Apenas do sertão do Cariri, de onde vêm as folhas de carnaúba, são 12 cooperativas e centenas de artesãos envolvidos no trabalho. As redes, feitas especialmente para a escola, são trazidas de Jaguaruana, no Vale do Jaguaribe, perto da divisa com o Rio Grande do Norte. Tem ainda bordados de filé coloridos, flores de palha e descansos de prato de figurinos feitos pelos mais renomados estilistas cearenses para vestir a velha guarda, a comissão de frente e uma das alas.
— Todo o processo, da produção no Ceará à transformação no barracão, está sendo filmado e vai virar um documentário. Eu poderia reproduzir muito material aqui. Mas, como eu conseguiria interpretar à altura o universo descrito na obra de Rachel de Queiroz e José de Alencar? Acredito que isso só seria possível se feito pelos próprios cearenses. Tudo original — prega Severo Luzardo, carnavalesco da União da Ilha.
Do sertão ao litoral
Ele conta que, em quatro viagens ao Ceará, percorreu o estado de uma ponta à outra, da capital a cidades do interior, para costurar o entrosamento — muito mais intenso do que o comum no carnaval — entre a escola e seu enredo. Numa das jornadas, uma frase o inspirou: “O cearense é um povo que luta pelo sorriso e pela felicidade”.
— Estava assistindo a um musical, no escuro, e corri para escrevê-la num pedaço de papel. Não vou apresentar um Ceará vitimizado pela seca, por exemplo. Mas um lugar pujante, que mistura desenvolvimento e tradição. Um dos carros trará as rendeiras e os campos de energia eólica — conta Luzardo.
Artistas cearenses serão homenageados. Em uma das alegorias, a referência será a obra do artista plástico DimBrinquedim. Uma ala homenageará Expedito Celeiro, um dos maiores artesãos de couro do Nordeste, com quem o carnavalesco se encontrou para pedir a bênção antes de desenhar o figurino. Já Gonçalo Ferreira da Silva, presidente da Associação Brasileira de Literatura de Cordel, ajudou a escola a confeccionar um cordel que conta o enredo, distribuído no Rio e no Ceará. Tanto Expedito Celeiro quanto Seu Gonçalo vão desfilar.
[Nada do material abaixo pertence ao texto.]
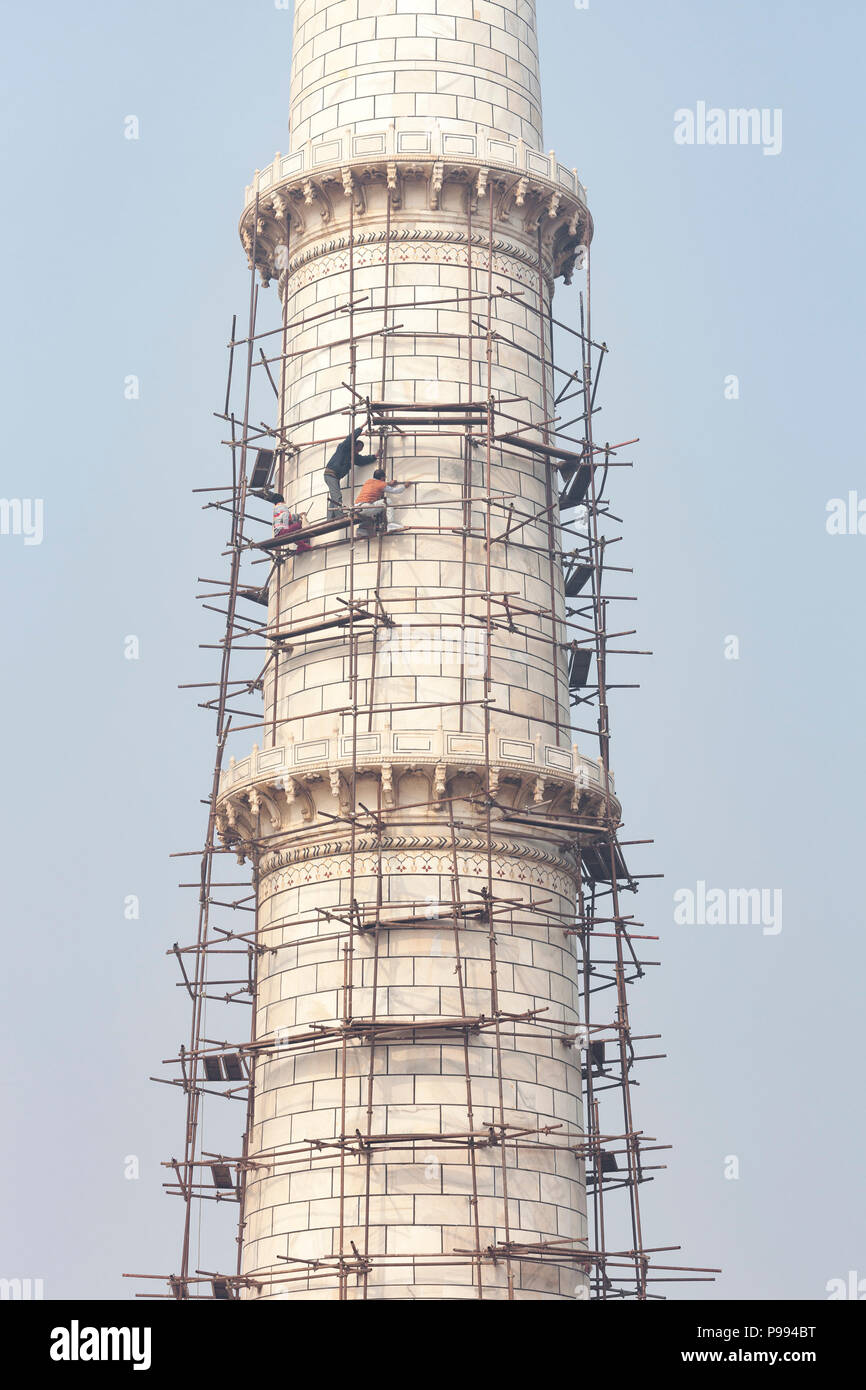 AGRA, INDIA - JANUARY 13, 2015 : Craftsmen on a high scaffold repairing the marble facade of the north east minaret at the Taj Mahal. Stock Photo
No abre-alas, mais uma criação nordestina: a escultura de São Sebastião foi concebida pelo artista plástico cearense Assis Filho, numa lembrança à lenda do Tesouro de Ipu.
O universo da moda também estará representado. O estilista Ivanildo Nunes, cuja roupa de gala não custa menos de R$ 15 mil, desenhou e confeccionou o figurino da velha guarda. Lindemberg Fernandes assina a fantasia da ala Prata da Casa, enquanto a grife cearense de lingerie da estilista Nayane Rodrigues inspira a ala das Angels, com cem manequins.
— Sinto que todos estão muito orgulhosos da maneira como o Ceará será retratado — diz Luzardo.
Réveillon em Iracema
Em contrapartida, a Ilha tem sido adotada pelos cearenses. O show de réveillon da Praia de Iracema, em Fortaleza, teve apresentação da escola. No evento, a agremiação foi comandada pelo intérprete Ito Melodia, que ganhou da Câmara de Vereadores o título de cidadão da cidade. Já na Feirinha Beira-Mar, o samba da tricolor insulana virou hit, tocado enquanto imagens dos preparativos do desfile são exibidas em telões.
O enredo da escola é “A peleja poética entre Rachel e Alencar no avarandado do céu”. A tricolor será a quarta agremiação a desfilar na segunda-feira de carnaval. Logo depois, virá o Tuiuti, com enredo sobre o bode Ioiô, eleito vereador em Fortaleza nos anos 1920.